Édouard's in a category of his own, just like Monsieur or Andrea, even if he can't understand why.

‘It's not really a category,' I was explaining to him one evening, after we'd smoked and drunk too much. ‘I don't classify men like objects, or according to their function, perish the thought! It's like a network. On one side, there's Monsieur, OK? Then Andrea, who's my boyfriend. Then you have François and Timothée, who fit together. Then—'

‘Wait.' He stopped me. ‘I don't understand. Why do they fit together?'

‘They're best friends. I met them at the same function – actually, the same evening I met Andrea. Then there's Thomas Pariente and Olivier Destelles – they fit together because they're filthy rich. And then there's Zylberstein, Jerome Landauer, Octave and Paul.
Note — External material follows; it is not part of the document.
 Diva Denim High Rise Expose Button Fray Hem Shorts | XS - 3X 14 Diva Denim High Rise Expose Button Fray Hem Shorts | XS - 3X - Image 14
They're all medics and friends.'

‘So, how many doctors?'

‘Five, if you include Monsieur. But it's not as if I
seek out
doctors. Once you get involved, it's a circle that keeps pulling you in.'

‘And then?'

‘There's you. I can't fit you into any specific category, although you're also part of a network, like Zylberstein. You're different.'

‘Different
how
?'

I could have told him the truth: you're different because, for one reason or another,
you mean more to me than all the other guys. Is it because your attentions are so old-fashioned and you really seem interested in what I have to say
? But I was scared that if I told the truth I might appear clumsy and frighten him away.
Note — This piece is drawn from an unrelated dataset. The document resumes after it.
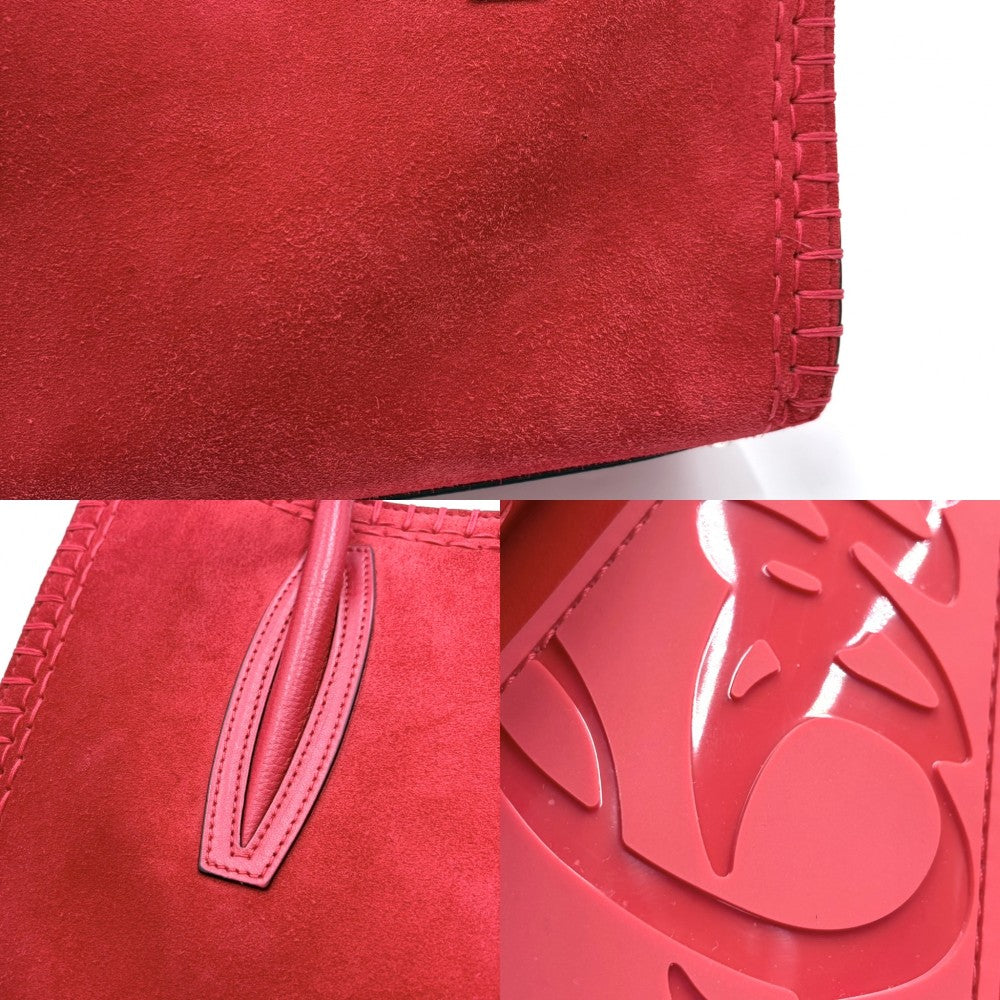 Christian Louboutin クリスチャンルブタン 2WAY パロマ ミディアム ハンドバッグ ショルダーバッグ Paloma medium トートバッグ スウェード レザー レッド 赤 シルバー金具 レディース【中古品】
‘You're different because you're such a great fuck,' I said, with great difficulty.

Flattered, he laughed and, encouraged, I added: ‘And it's also because I like you more than the others. You're nicer.'

Actually, Édouard is the best, on a variety of fronts. When I describe it like this, and my friends find out we see each other twice a week, someone invariably asks why we don't
go out
together. It's a question I always shrug off, as if the answer was self-evident, not that I know the answer. Because he's sixteen years older than I am. Because it would complicate the perfect relationship we already enjoy (why am I using such a fucking cliché?). Because he's not in love with me and I'm obsessed with and owned by Monsieur. In front of Andrea, I can pretend, construct all sorts of heartbreaking endearments, but Édouard doesn't deserve to be on the receiving end of lies. He deserves the only thing I can freely give: simple but all-encompassing pleasure.